→ REQUIRED WORK
Both the line with "Octobervalino Village 13" and the line with "Movie poster of" in the records below must appear in the output, along with every line between them, exactly and with nothing added.

→ RECORD EXCERPTS
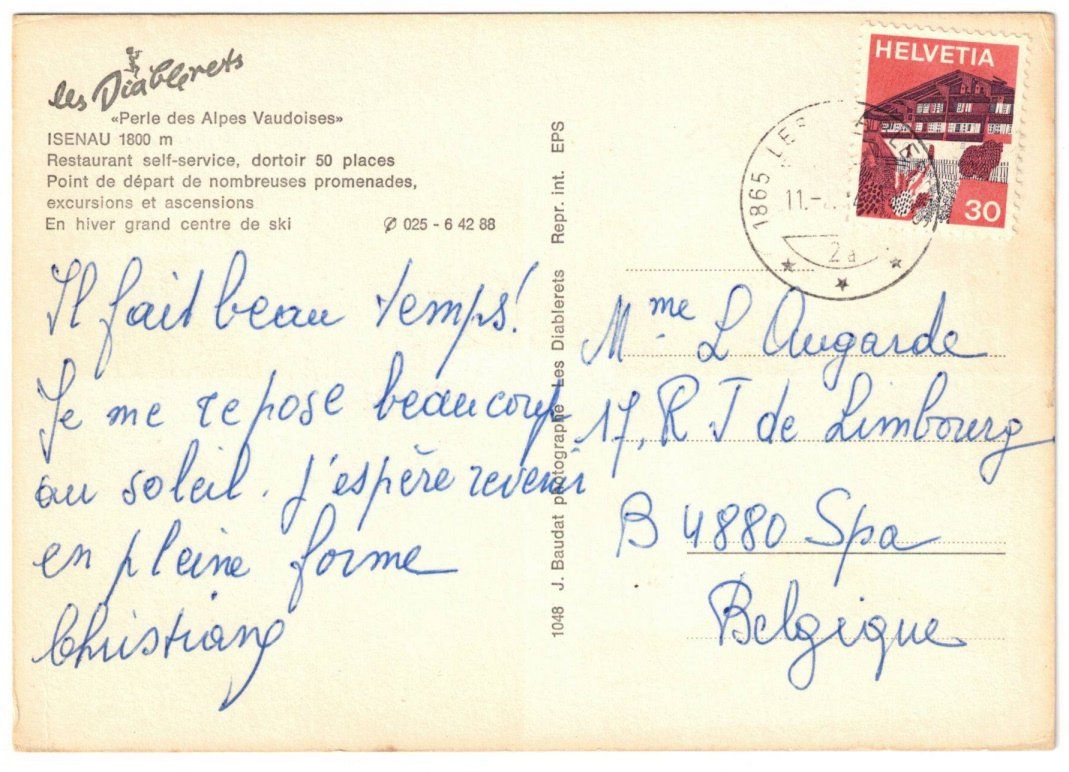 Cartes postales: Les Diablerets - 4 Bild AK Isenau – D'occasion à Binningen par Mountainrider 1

--

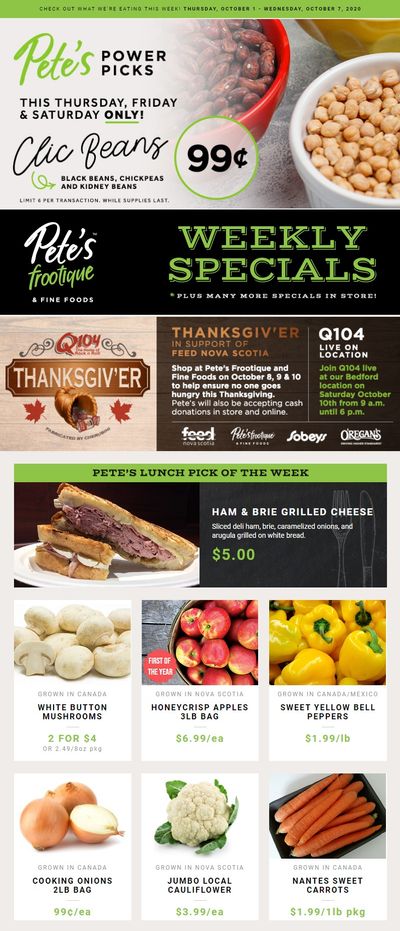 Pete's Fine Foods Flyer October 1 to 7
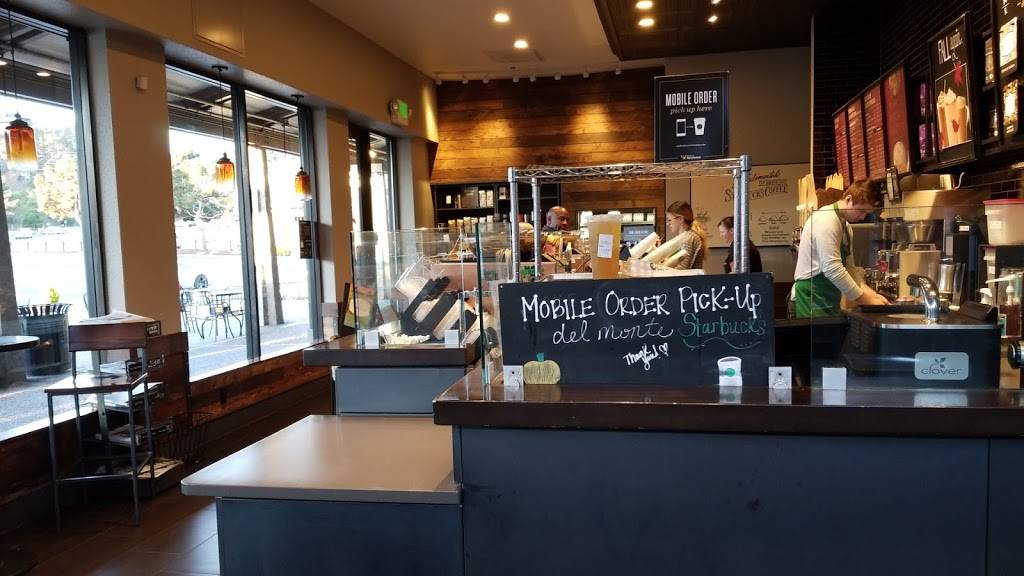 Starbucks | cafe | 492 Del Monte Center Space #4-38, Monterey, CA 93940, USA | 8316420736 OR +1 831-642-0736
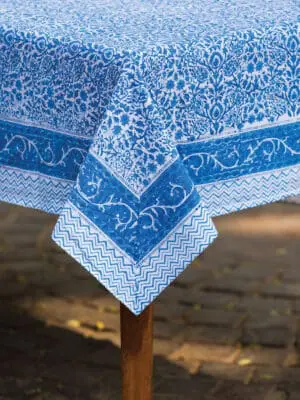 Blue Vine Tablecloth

==

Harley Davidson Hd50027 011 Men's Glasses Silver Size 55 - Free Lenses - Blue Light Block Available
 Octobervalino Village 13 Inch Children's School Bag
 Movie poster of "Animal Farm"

→ TASK RESPONSE
 Octobervalino Village 13 Inch Children's School Bag
 Movie poster of "Animal Farm"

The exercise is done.